## EXERCISE INSTRUCTIONS
Hand back each record exactly as you find it.

Crawled caption data

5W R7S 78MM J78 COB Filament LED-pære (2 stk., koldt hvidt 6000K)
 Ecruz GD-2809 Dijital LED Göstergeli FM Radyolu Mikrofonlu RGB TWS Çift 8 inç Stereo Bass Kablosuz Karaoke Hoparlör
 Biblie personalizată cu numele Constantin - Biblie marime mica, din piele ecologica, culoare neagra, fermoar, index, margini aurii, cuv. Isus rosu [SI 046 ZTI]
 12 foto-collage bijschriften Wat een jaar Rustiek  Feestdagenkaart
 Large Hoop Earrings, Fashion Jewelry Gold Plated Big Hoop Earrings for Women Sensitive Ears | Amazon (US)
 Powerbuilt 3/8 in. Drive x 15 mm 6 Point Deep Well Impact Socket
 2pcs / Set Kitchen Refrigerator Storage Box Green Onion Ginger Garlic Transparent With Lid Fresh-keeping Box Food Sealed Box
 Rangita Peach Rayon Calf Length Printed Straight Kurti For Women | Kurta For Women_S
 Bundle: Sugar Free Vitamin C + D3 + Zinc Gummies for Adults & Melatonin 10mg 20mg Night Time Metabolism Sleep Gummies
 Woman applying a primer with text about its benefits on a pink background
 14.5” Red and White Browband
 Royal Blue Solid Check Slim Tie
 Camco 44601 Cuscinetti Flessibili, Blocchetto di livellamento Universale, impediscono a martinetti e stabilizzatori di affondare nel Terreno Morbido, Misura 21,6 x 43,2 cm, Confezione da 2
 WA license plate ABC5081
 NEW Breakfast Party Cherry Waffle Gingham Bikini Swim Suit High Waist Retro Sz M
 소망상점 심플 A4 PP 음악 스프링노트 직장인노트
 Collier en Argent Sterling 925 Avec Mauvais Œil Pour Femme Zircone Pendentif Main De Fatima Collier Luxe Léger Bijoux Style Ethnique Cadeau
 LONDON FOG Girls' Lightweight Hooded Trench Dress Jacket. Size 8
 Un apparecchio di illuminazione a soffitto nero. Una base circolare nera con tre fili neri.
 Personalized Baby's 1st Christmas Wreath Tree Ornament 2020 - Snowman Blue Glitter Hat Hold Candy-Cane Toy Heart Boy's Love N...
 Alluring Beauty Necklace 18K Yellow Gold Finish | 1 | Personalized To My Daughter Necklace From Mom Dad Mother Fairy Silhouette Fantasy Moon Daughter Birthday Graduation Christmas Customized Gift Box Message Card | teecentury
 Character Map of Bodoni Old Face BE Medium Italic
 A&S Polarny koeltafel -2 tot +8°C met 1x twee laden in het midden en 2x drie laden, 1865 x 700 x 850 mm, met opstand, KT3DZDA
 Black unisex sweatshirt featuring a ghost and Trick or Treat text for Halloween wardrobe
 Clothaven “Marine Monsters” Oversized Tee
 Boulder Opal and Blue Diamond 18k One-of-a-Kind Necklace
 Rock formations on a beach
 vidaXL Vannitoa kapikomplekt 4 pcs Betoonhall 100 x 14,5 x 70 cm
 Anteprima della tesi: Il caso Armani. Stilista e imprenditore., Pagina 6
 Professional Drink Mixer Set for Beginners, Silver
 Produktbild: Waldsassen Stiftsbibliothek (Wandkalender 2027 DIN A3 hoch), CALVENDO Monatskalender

## SOLUTION FOR THIS PROBLEM
5W R7S 78MM J78 COB Filament LED-pære (2 stk., koldt hvidt 6000K)
 Ecruz GD-2809 Dijital LED Göstergeli FM Radyolu Mikrofonlu RGB TWS Çift 8 inç Stereo Bass Kablosuz Karaoke Hoparlör
 Biblie personalizată cu numele Constantin - Biblie marime mica, din piele ecologica, culoare neagra, fermoar, index, margini aurii, cuv. Isus rosu [SI 046 ZTI]
 12 foto-collage bijschriften Wat een jaar Rustiek  Feestdagenkaart
 Large Hoop Earrings, Fashion Jewelry Gold Plated Big Hoop Earrings for Women Sensitive Ears | Amazon (US)
 Powerbuilt 3/8 in. Drive x 15 mm 6 Point Deep Well Impact Socket
 2pcs / Set Kitchen Refrigerator Storage Box Green Onion Ginger Garlic Transparent With Lid Fresh-keeping Box Food Sealed Box
 Rangita Peach Rayon Calf Length Printed Straight Kurti For Women | Kurta For Women_S
 Bundle: Sugar Free Vitamin C + D3 + Zinc Gummies for Adults & Melatonin 10mg 20mg Night Time Metabolism Sleep Gummies
 Woman applying a primer with text about its benefits on a pink background
 14.5” Red and White Browband
 Royal Blue Solid Check Slim Tie
 Camco 44601 Cuscinetti Flessibili, Blocchetto di livellamento Universale, impediscono a martinetti e stabilizzatori di affondare nel Terreno Morbido, Misura 21,6 x 43,2 cm, Confezione da 2
 WA license plate ABC5081
 NEW Breakfast Party Cherry Waffle Gingham Bikini Swim Suit High Waist Retro Sz M
 소망상점 심플 A4 PP 음악 스프링노트 직장인노트
 Collier en Argent Sterling 925 Avec Mauvais Œil Pour Femme Zircone Pendentif Main De Fatima Collier Luxe Léger Bijoux Style Ethnique Cadeau
 LONDON FOG Girls' Lightweight Hooded Trench Dress Jacket. Size 8
 Un apparecchio di illuminazione a soffitto nero. Una base circolare nera con tre fili neri.
 Personalized Baby's 1st Christmas Wreath Tree Ornament 2020 - Snowman Blue Glitter Hat Hold Candy-Cane Toy Heart Boy's Love N...
 Alluring Beauty Necklace 18K Yellow Gold Finish | 1 | Personalized To My Daughter Necklace From Mom Dad Mother Fairy Silhouette Fantasy Moon Daughter Birthday Graduation Christmas Customized Gift Box Message Card | teecentury
 Character Map of Bodoni Old Face BE Medium Italic
 A&S Polarny koeltafel -2 tot +8°C met 1x twee laden in het midden en 2x drie laden, 1865 x 700 x 850 mm, met opstand, KT3DZDA
 Black unisex sweatshirt featuring a ghost and Trick or Treat text for Halloween wardrobe
 Clothaven “Marine Monsters” Oversized Tee
 Boulder Opal and Blue Diamond 18k One-of-a-Kind Necklace
 Rock formations on a beach
 vidaXL Vannitoa kapikomplekt 4 pcs Betoonhall 100 x 14,5 x 70 cm
 Anteprima della tesi: Il caso Armani. Stilista e imprenditore., Pagina 6
 Professional Drink Mixer Set for Beginners, Silver
 Produktbild: Waldsassen Stiftsbibliothek (Wandkalender 2027 DIN A3 hoch), CALVENDO Monatskalender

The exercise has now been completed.